What you hand back must match the records word for word, with no pictures.

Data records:

————

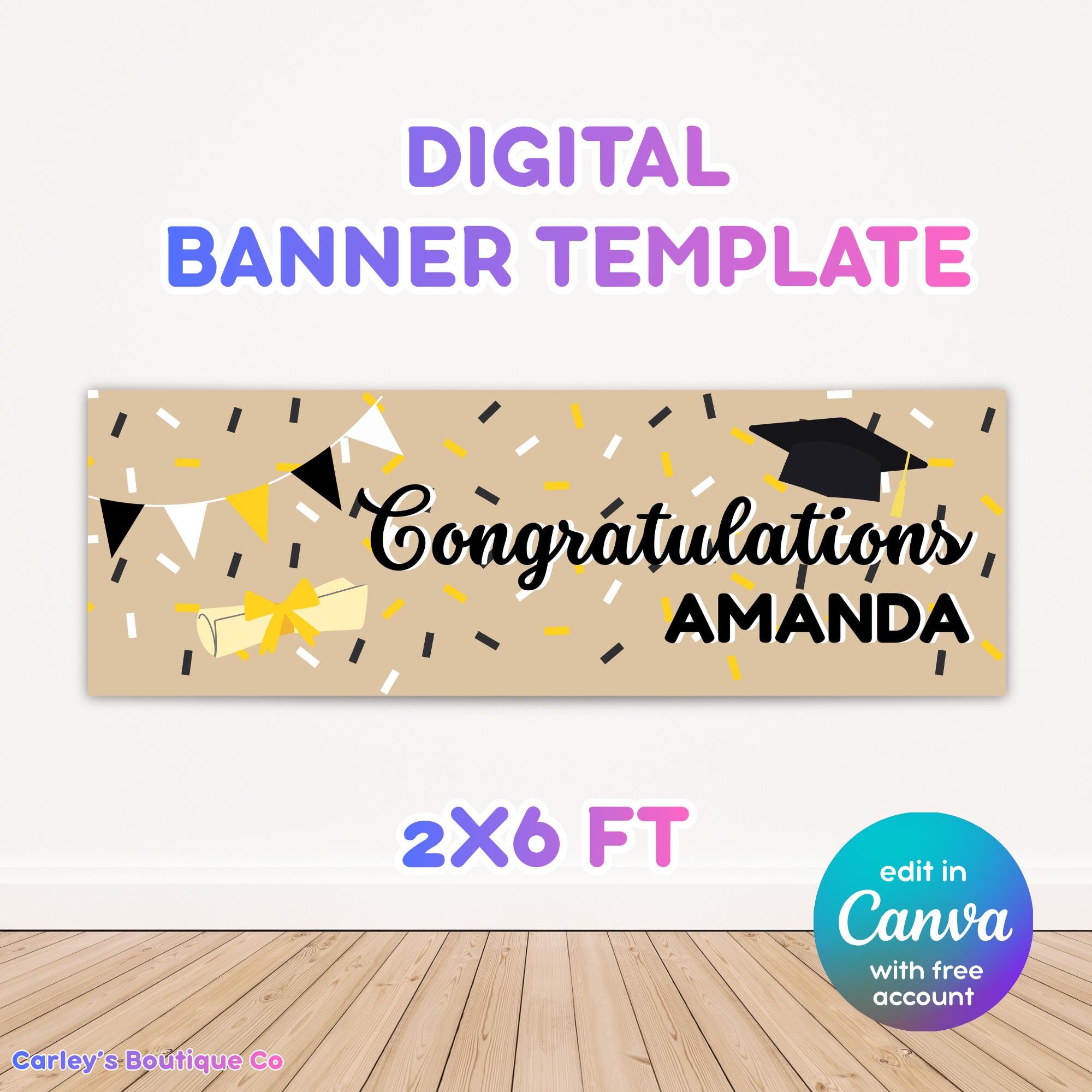 Customizable Graduation Banner Template | 2x6 FT Editable Canva Design ...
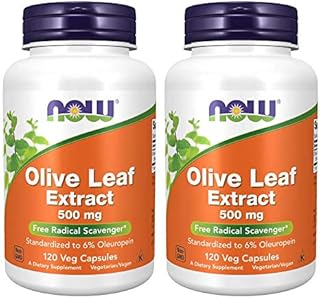 Now Foods Olive Leaf Extract 500mg Standardized to 6% Oleuropein, 120 Vcaps (2 Pack)
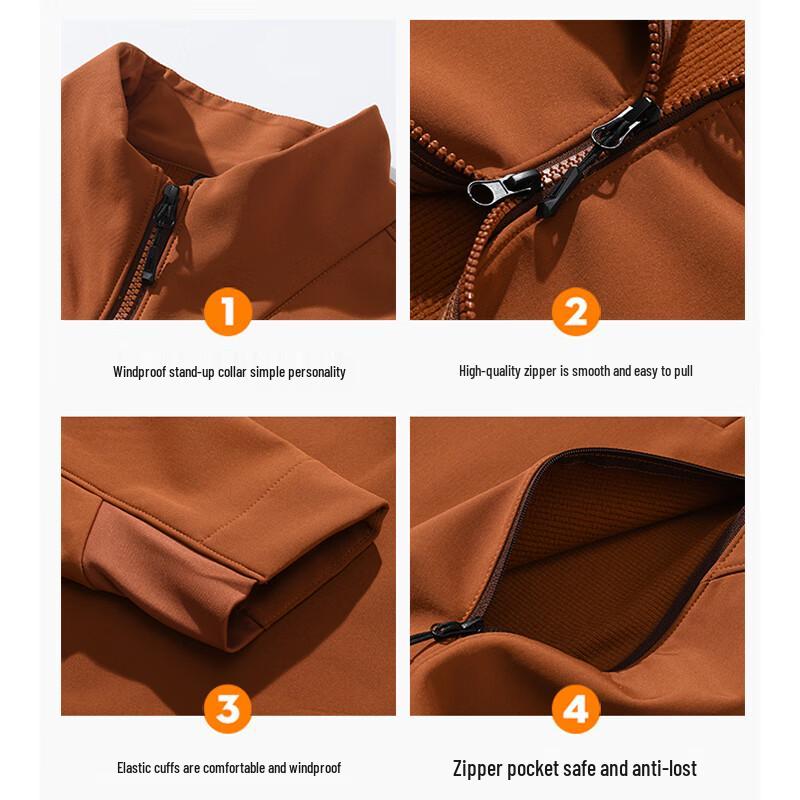 Eastern Camel Men's American Stand Collar Windbreaker Jacket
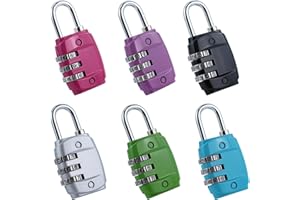EASYKEENECOM 6 Pezzi Lucchetto Combinazione Piccolo, 3 Cifre Lucchetto Valigia Lucchetti Armadietto Palestra, Lucchetto con Combinazione per Bagagli Esterno Valigia Palestra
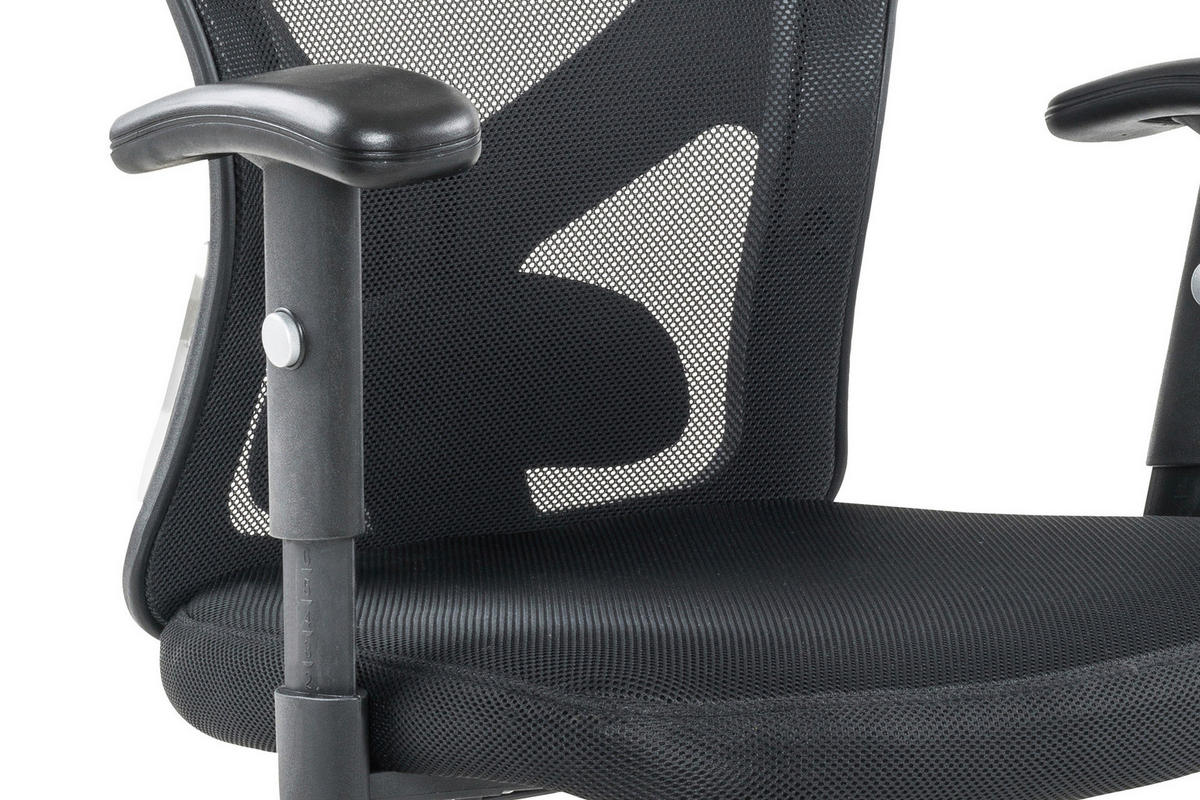 DREHSTUHL Netzbespannung Schwarz, Silberfarben  - Silberfarben/Schwarz, MODERN, Kunststoff/Textil (65/114/60cm) - Livetastic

————

**Response to the task**:
 Customizable Graduation Banner Template | 2x6 FT Editable Canva Design ...
 Now Foods Olive Leaf Extract 500mg Standardized to 6% Oleuropein, 120 Vcaps (2 Pack)
 Eastern Camel Men's American Stand Collar Windbreaker Jacket
EASYKEENECOM 6 Pezzi Lucchetto Combinazione Piccolo, 3 Cifre Lucchetto Valigia Lucchetti Armadietto Palestra, Lucchetto con Combinazione per Bagagli Esterno Valigia Palestra
 DREHSTUHL Netzbespannung Schwarz, Silberfarben  - Silberfarben/Schwarz, MODERN, Kunststoff/Textil (65/114/60cm) - Livetastic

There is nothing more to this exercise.